Stephen Kennaugh is principal at St Andrews College Marayong, a dual campus co-educational college in the Blacktown area.
Principal St Andrews College Marayong (Dual Campus Co-educational College in the Blacktown area)
What does a typical work day for you?
I am a morning person so I get into school at 4.30am as this is uninterrupted time. Because of the diversity of the role my day and week is quite varied. It involves working with staff, students, parents and the wider community to enable the spiritual, physical, intellectual, relational, and emotional development of each member of our community. With the primary focus being learning, I focus my energy on the development of a shared vision with teaching staff to support our student body to do more and go beyond. Presence is a large focus for me as I endeavour to build strong and respectful relationships with all members of the community.
How long have you been doing this job and what first sparked your interest in this area?
I have been teaching for 31 years. I moved towards teaching rather than my other passion, law, due to the wonderful teachers I had at school and the impact I saw that they had on myself and many of my friends. I was educated at St Paul The Apostle Primary in Winston Hills and Parramatta Marist Brothers as well.

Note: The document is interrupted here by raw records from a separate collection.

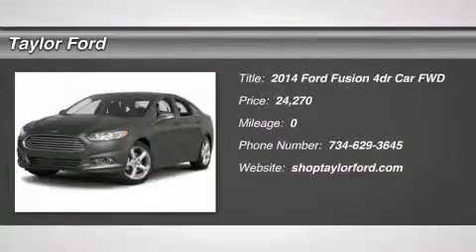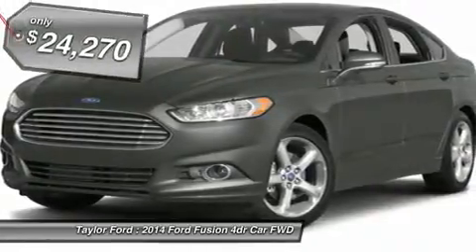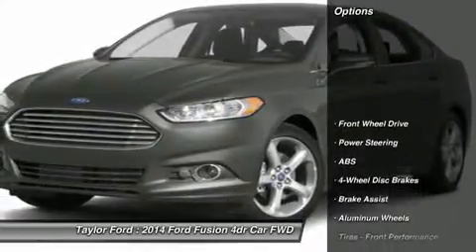The 2014 Ford Fusion. You can have both impressive power and great economy in a Fusion, and it is priced below $25,000. Here are some of this vehicle's great options.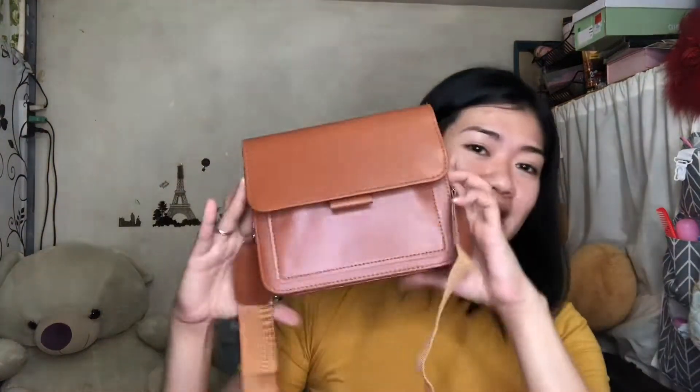Ito yung item number 2. I-forma lang natin siya. Meron siyang pocket. Ito yung loob niya. Pwede na kayo umorder kay Shopee — mapapamura pa kayo. Maska use lang Shopee Pay para may cashback coins. Wala naman siyang damage.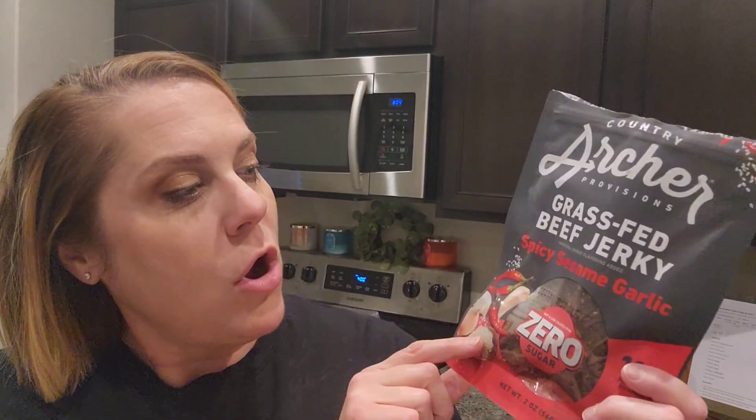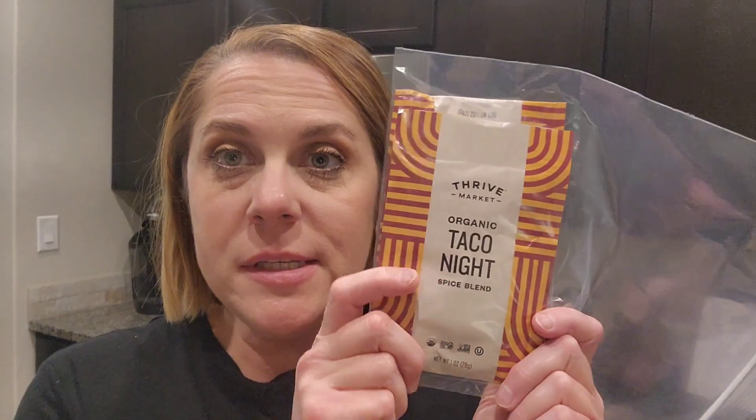The next thing I wanted to try was some beef jerky as a snack when I get home from school. Being a teacher is a lot of hard work — it's fun but it's a lot of hard work. So I tried the spicy sesame garlic zero sugar from Archer Farms, and this was really good. It's very soft beef jerky, which I appreciate because I have TMJ on that side of my jaw. It does a really good job being just a little spicy and a little garlicky.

What do you like most about the job?
I really enjoy the diversity that it brings, the witnessing of student and teacher engagement in learning, and being part of that success. Strategic thinking goes with the position and that has a significant impact on student learning. In short, the best part of the job is creating and sustaining a community of learners.
What opportunities does your job bring?
I have been supported in further studies in both my Masters degrees as well as my PhD. I have had the opportunity to present in America and New Zealand, as well as travel with student groups to Vietnam and Singapore. Education offers many opportunities: the real challenge is deciding to make the most of them.
What is the worst thing you have had to do?
Responding to a tragic situation where a student lost their life in a sporting accident.
What challenges have you faced during the pandemic?
The first thing was to accept the reality of the situation we were in and are still dealing with. Schools adapt, that is what we do. We focused on communication with staff, students, and parents. Although it has been challenging, it has also been an opportunity to reshape our profession and how we educate. Supporting both staff and students with their mental health was a real focus.
How transferable are your skills?
I believe the skills we share relate to all areas of learning, personnel, leadership and strategy, negotiation, mentoring and coaching. The flexibility that we need to demonstrate on a daily basis enables teachers to move into many fields of employment.
What advice do you have for people wanting to get into teaching?
Teaching is a highly rewarding career/vocation choice. It requires you to do more and go beyond. It’s not easy, especially in the early years as you are building experience and resources, but it is a privilege.
What skills and personal skills do people need for teaching?
Skills in empathy, strategic thinking, negotiation, mentoring and coaching, a love of learning, presence, coupled with a solid work-ethic will ensure success.